En comptant les 2,8 mégatonnes actuellement émises par l’installation d’Énergie NB à Belledune, l’exploitation combinée émettrait 4,9 mégatonnes. Il s’agirait d’une augmentation nette de seulement 2,1 mégatonnes par rapport à la réduction de plus de 2,5 mégatonnes enregistrée ailleurs dans le nord du Nouveau-Brunswick au cours des 15 dernières années.
Il fut un temps où notre province aurait accueilli favorablement les avantages économiques et sociaux qu’un projet comme celui-ci procure et elle devrait le faire. Il est essentiel que nous trouvions un équilibre entre la nécessité d’une gestion environnementale saine et la nécessité de la survie économique. Nous devons continuer à le faire. Notre population et notre province ne sont pas si riches que nous puissions nous permettre de tourner le dos à des opportunités économiques majeures.
Le monde a besoin d’acier. L’acier ne peut être fabriqué sans raffiner le minerai de fer. Quelque part sur cette planète, ce raffinage va se produire.
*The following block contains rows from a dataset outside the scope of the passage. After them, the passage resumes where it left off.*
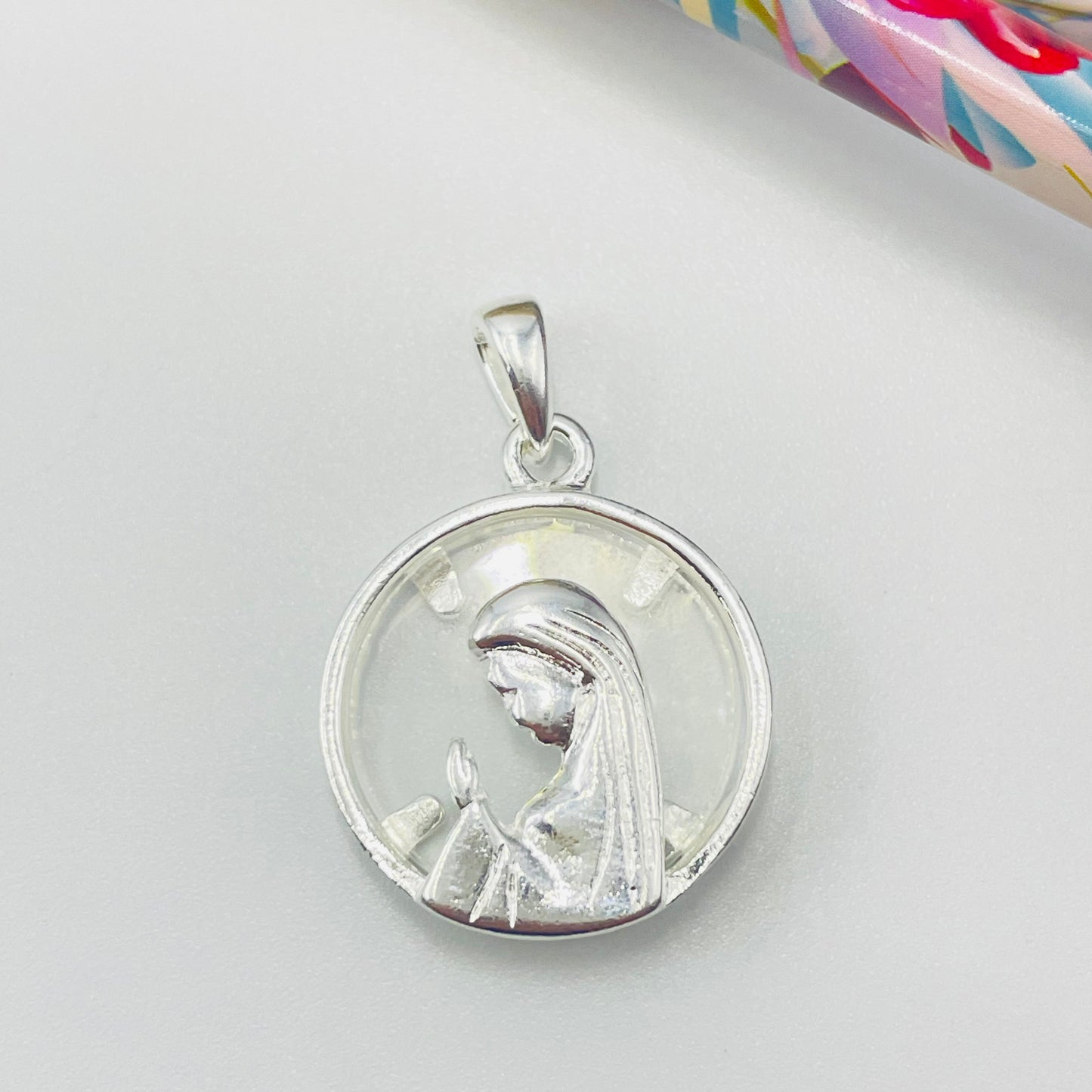FP1051 Colgante Virgen Niña fondo Cristal diá. 23 mm más argollita más valier Figura Baño Plata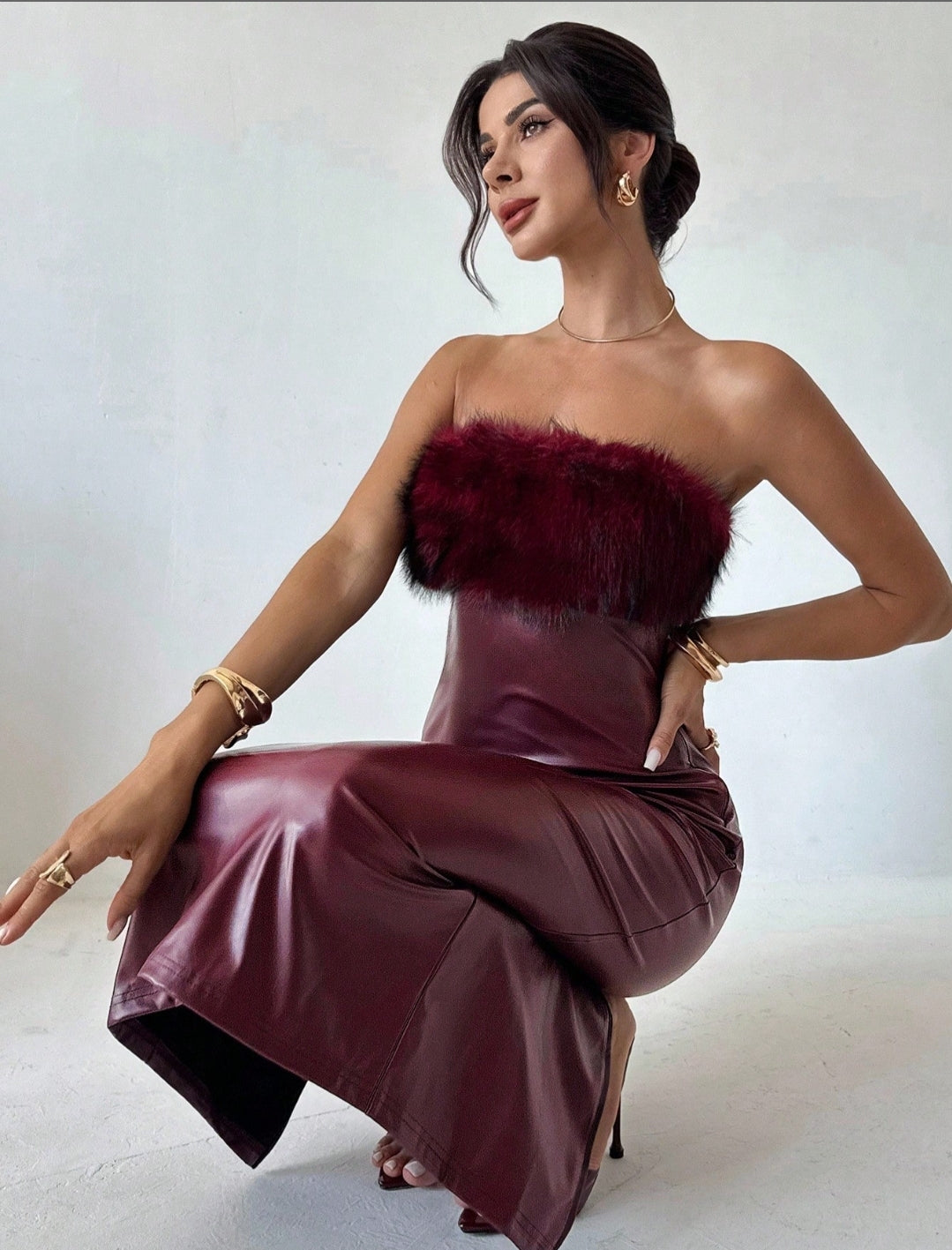 Additional information
Elegant Angora Red PU Dress With Fur Maxi Dress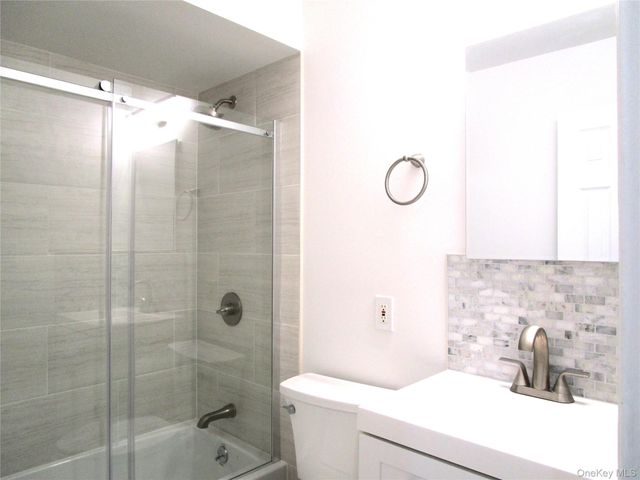 324 Post Avenue 12F, Westbury, NY 11590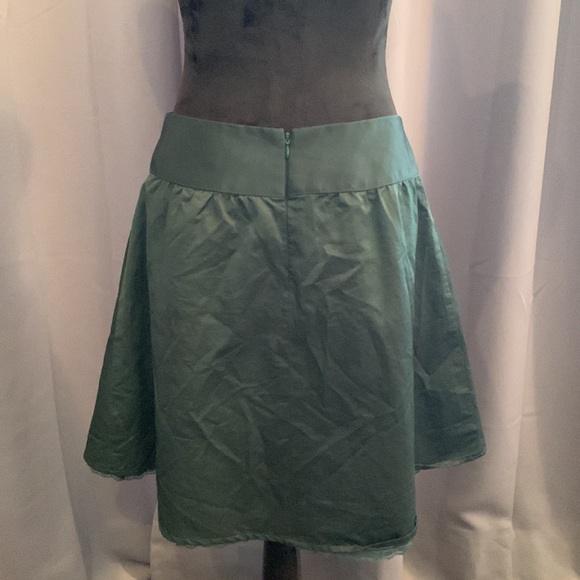 Sexy green with lace bottom lining size 4 skirt from Fossil. Great look! - Picture 5 of 11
Il peut se produire ici, au Nouveau-Brunswick, où nous pouvons profiter des avantages économiques, ou il peut se produire ailleurs, ou d’autres profiteront des avantages économiques.
Dans les deux cas, l’impact environnemental sera le même, ailleurs il pourrait être pire. Bloquer ce projet n’aidera pas l’environnement. En fait, la réduction de la pollution causée par le transport du minerai du Québec et du Labrador à l’autre bout du monde fait du projet Maritime Iron la meilleure solution sur le plan mondial.
Il est temps que les trois niveaux de gouvernement travaillent ensemble pour faire de ce projet une réalité. C’est bon pour l’environnement sur le plan mondial, pour l’économie du nord du Nouveau-Brunswick et, franchement, de tout le Nouveau-Brunswick.
Même avec la modeste augmentation des émissions que ce projet entraînera, le nord du Nouveau-Brunswick aura enregistré d’importantes réductions nettes des émissions au cours des deux dernières décennies. Avec ou sans ce projet, le Nord contribue bien plus que sa part aux objectifs de réduction des émissions de la province.
Les politiciens municipaux de toute notre région soutiennent ce projet. Il est temps que nos représentants provinciaux et fédéraux se joignent à nous et se battent pour faire de ce projet une réalité.
La lutte contre les changements climatiques est importante et le nord du Nouveau-Brunswick y a contribué plus que sa part. Les cicatrices économiques et sociales de nos communautés en sont la preuve.
Si l’on considère ce que sera réellement ce projet, les centaines d’emplois créés par la nouvelle installation et les milliers d’emplois créés par les retombées économiques, il devient évident qu’il faut aller de l’avant. Nous devons tous travailler ensemble pour faire en sorte que tout ce qui peut être examiné le soit dans l’espoir de faire de ce projet une réalité.